The basic premise of Node.js is that I/O is expensive and that, since I/O is expensive, we can’t block waiting for it to complete.
Many traditional Web Servers typically adopt a one thread per request approach, and any I/O (database, web service, file system call…) during the request blocks that thread of execution. This is inefficient in many ways because when the thread is blocked waiting for I/O to complete, it can’t respond to other requests.
Basically one OS Thread / TCP Connection is suboptimal.
The solution is not a mystery: non-blocking I/O. An asynchronous request is issued and nothing more is done with it until that request is completed leaving the main thread of execution free to handle other requests.
Cooking Analogy
If you are a reasonably experienced cook, you’d go about making Pasta Bolognese something like this:
- start boiling water
- start frying ground beef
- put pasta in water
- finish meat sauce
- serve once pasta and meat sauce are both done
but if you’re a rookie, something like this is most likely where you’d end up:
- start boiling water
- wait for water to boil
- put pasta in water
- wait for pasta to cook
- start frying ground beef
- finish meat sauce
- serve once meat sauce is done
It’s clear that you’re not using your culinary skills to your full potential with the rookie approach.
I know the analogy is limping somewhat but even so, I think it illustrates the basic problem with the “let’s wait for I/O to complete before we do anything else” approach.
The fact that the one OS Thread / TCP Connection is suboptimal has been known for quite a while. Apache and Tomcat both belong to this category.
Solutions to the problem are actually well known and include
- multiplex I/O into each thread
- use event notification mechanisms like epoll, kqueue, event ports
- adopt non-blocking I/O
- don’t share memory (or at least limit sharing)
- spawn however many threads you want
- start event loop on each thread
They all share the same basic principles
- event loop
- non-blocking I/O
The Goal of Node.js
Make it easy to write high-performance servers.
Enter JavaScript, a language everybody “knows”. A generation of programmers have grown up learning how to program in terms of ‘mouseover’ events. JavaScript is a single threaded, non-blocking interface, it has no preconceived idea about I/O and right now there is an arms race for performance.
What is Node?
Node is a command line tool that uses JavaScript (Google’s V8) for low level work, such as handling sockets, files etc.
- only exposes asynchronous interfaces (non-blocking)
- has only one thread of execution (one call stack)

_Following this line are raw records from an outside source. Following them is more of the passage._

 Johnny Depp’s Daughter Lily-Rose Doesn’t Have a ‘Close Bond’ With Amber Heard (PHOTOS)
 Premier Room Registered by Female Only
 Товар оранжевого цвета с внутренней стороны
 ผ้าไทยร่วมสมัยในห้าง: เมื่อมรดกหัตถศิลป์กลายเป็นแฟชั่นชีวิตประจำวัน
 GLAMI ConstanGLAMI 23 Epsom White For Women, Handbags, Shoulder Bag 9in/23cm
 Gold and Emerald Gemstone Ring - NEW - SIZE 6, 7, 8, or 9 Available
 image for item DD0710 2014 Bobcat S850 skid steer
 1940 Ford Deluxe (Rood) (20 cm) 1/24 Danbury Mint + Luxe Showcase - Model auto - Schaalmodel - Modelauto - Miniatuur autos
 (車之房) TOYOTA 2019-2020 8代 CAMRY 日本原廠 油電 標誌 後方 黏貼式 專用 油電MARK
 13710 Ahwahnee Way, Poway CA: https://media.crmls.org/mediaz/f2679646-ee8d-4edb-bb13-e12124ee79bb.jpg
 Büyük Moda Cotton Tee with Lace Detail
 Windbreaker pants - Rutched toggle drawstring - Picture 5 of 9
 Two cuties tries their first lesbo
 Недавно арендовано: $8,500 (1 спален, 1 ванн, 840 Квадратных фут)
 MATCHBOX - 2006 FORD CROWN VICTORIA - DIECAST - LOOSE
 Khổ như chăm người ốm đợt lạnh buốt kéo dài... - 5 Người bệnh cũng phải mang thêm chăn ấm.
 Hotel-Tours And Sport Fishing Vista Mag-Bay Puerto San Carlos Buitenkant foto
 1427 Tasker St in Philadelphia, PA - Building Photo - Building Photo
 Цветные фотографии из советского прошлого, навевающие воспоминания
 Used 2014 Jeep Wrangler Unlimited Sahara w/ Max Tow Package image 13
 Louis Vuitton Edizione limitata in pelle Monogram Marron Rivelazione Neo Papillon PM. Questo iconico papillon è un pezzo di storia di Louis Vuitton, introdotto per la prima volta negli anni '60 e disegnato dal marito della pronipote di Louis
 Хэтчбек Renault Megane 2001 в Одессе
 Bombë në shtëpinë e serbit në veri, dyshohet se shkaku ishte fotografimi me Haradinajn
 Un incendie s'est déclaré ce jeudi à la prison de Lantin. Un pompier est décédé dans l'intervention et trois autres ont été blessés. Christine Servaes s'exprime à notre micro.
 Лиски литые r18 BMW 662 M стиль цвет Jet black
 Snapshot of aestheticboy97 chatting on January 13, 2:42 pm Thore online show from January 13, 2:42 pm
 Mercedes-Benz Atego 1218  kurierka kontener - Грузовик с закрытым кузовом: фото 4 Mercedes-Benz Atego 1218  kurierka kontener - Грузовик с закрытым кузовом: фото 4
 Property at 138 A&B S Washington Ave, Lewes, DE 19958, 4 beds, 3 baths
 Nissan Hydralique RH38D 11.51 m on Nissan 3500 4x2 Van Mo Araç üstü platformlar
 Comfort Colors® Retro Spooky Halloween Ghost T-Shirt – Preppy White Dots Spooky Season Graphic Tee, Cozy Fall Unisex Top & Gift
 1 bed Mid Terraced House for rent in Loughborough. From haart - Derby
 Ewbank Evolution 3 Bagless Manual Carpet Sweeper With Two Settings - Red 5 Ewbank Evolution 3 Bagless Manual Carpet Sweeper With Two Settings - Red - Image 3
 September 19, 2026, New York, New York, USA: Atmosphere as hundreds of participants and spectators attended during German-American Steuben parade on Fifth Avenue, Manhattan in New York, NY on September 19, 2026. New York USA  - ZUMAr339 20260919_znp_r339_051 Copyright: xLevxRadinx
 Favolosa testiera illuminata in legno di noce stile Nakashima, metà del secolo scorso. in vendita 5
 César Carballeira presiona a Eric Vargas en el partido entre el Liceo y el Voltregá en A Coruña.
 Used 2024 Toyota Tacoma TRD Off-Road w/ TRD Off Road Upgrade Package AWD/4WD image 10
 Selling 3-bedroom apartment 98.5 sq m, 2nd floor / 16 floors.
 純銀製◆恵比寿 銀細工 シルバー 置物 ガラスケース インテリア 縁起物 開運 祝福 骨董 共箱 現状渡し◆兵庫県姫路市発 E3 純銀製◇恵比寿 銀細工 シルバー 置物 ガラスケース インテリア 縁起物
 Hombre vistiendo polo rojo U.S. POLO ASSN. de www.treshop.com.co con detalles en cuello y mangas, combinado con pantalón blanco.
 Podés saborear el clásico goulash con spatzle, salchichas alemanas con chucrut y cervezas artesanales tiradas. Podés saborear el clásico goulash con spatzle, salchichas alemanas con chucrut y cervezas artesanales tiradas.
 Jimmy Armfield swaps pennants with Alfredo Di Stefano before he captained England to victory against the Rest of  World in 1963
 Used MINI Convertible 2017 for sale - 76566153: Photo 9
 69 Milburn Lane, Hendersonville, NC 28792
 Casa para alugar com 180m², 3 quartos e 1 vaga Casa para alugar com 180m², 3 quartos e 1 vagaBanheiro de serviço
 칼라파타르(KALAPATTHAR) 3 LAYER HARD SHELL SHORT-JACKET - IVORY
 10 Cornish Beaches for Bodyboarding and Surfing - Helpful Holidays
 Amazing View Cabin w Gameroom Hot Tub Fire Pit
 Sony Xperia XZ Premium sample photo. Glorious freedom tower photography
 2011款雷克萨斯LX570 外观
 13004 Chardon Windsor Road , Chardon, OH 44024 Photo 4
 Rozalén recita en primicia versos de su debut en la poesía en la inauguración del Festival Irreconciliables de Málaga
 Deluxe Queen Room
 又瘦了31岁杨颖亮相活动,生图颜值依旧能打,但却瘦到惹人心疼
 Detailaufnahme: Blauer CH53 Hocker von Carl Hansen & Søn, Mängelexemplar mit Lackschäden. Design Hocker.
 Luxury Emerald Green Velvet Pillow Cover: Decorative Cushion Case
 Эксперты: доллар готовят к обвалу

- has low-level network features
- strong HTTP support
- purely non-blocking means decent concurrency, basically for free
- no mutex locks
- one thing at a time, means no thread safety issues
But hang on, if Node is a single thread? What about scaling across multiple cores? The answer is simple; you start more node instances. Given the event loop and a potential for starvation Node is most likely not the solution for really CPU intensive problems. It is a solution for I/O bound problems.
When would I use Node?
I work mainly with web applications and the “modern Web Application” is a prime candidate for Node.
The Modern Web Application
- has a JavaScript “fat” client
- uses asynchronous client-server communication
- uses JSON as the communication format
- uses WebSockets or long polling where appropriate
At all of these things, Node excels.
Finally, the idea of using the same language on both the client and the server is obviously extremely attractive and the possibilities are endless.